Both Clapp, as a solo artist, and the Orange Peels have cultivated a sterling reputation as smart, melodically talented indie-pop artists that capture the slippery essence of living in the Bay Area.

Trespassing continues that lineage with a collection of shimmery pop jewels that dance seductively in the space between dream pop, chillwave and ’80s-style synth. But if you listen closely enough, you’ll also hear the wild and wooly mountain vibe bleeding through. Some of the drums, Clapp says, were even recorded outdoors among the redwoods: “You can hear what the woods sound like up here.”

Trespassing was created during the harrowing winter of 2017, when rain fell by the bucketload on Clapp’s corner of the Santa Cruz Mountains. “In our neighborhood, we got more than 110 inches of rain, which all fell within about two months. The power was constantly going out. Big trees were falling.
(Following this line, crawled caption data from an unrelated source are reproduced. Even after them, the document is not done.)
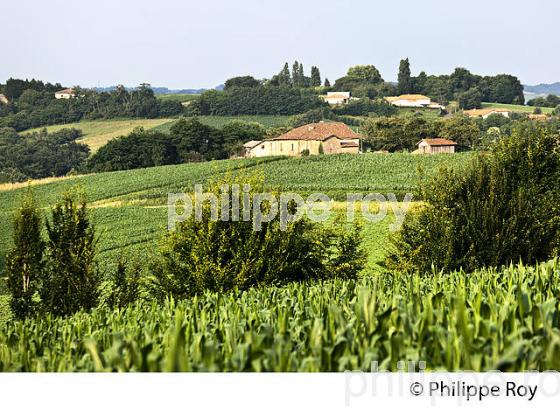 PAYSAGE DE CHALOSSE, MONFORT EN CHALOSSE, LANDES (40F04139.jpg)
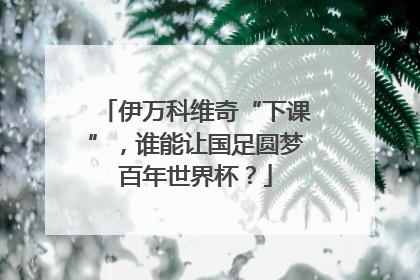 伊万科维奇“下课”，谁能让国足圆梦百年世界杯？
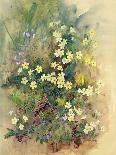 Summer Flowers-John Gubbins-Laminated Giclee Print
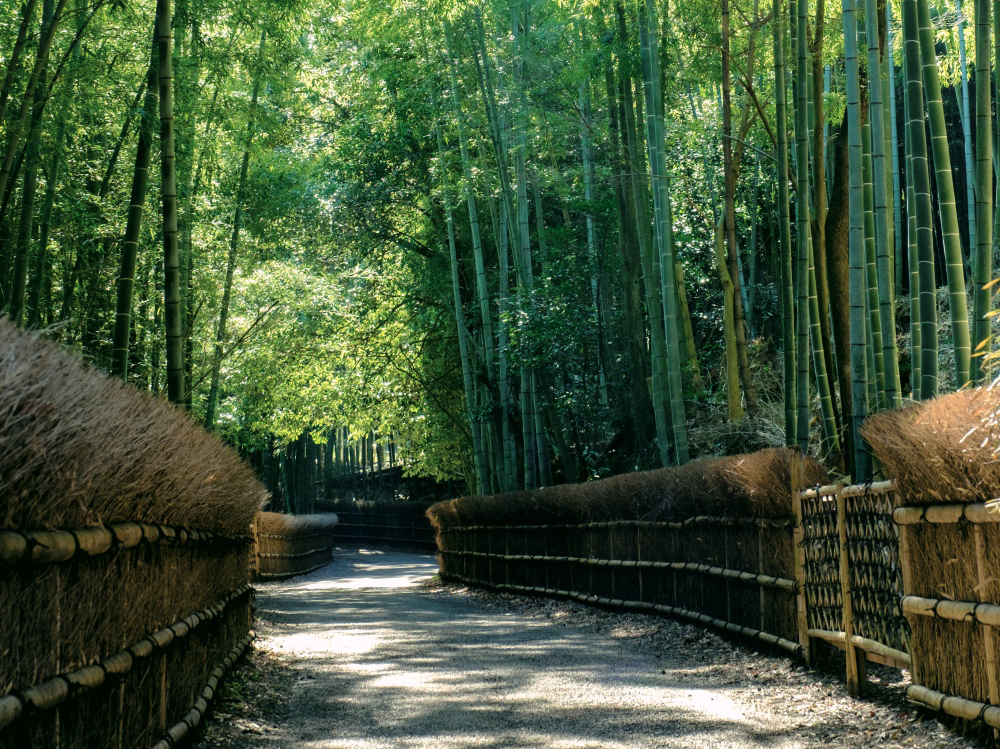 嵐山だけじゃない 京都の竹林が美しいスポット5選 Kyoto Side 知られざる 京都 の魅力を発信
Roads were going out. The whole mountainside was in a cloud for, like, 90 days.”

It was against this weird backdrop that Clapp wrote most of the material that ended up on Trespassing, including the album’s first track “Camera 2,” an urgent if elegant freak-out that captured the sense of doom on everything from the political situation to the insane winter. “Reality had just fractured,” Clapp recalls, “and that song came out of that surreal feeling.”

“Dawn Tree” is dedicated to a certain tree on the Clapps’ property, which represented a kind of second chance after the rainy season. “One morning, I walked out and there was this crazy refracted light and there was this oak tree. The sun’s coming up behind it, capturing all this moisture in the air. So, yeah, I wrote a song to a tree.”

On top of performing with the Peels and as a solo artist, Clapp works as a mini-mogul in Bay Area indie music with his label, Mystery Lawn Music. In that role, Clapp collaborates with about a dozen Northern California bands in an effort to articulate and capture a distinctively Bay Area sound.

“I’ve spent my whole life in this area,” he says. “And there’s a way that the air feels and how the light looks because you’re on this little spit of land between two giant bodies of water, the San Francisco Bay and the Pacific. I just think there’s something magical about this part of the world.”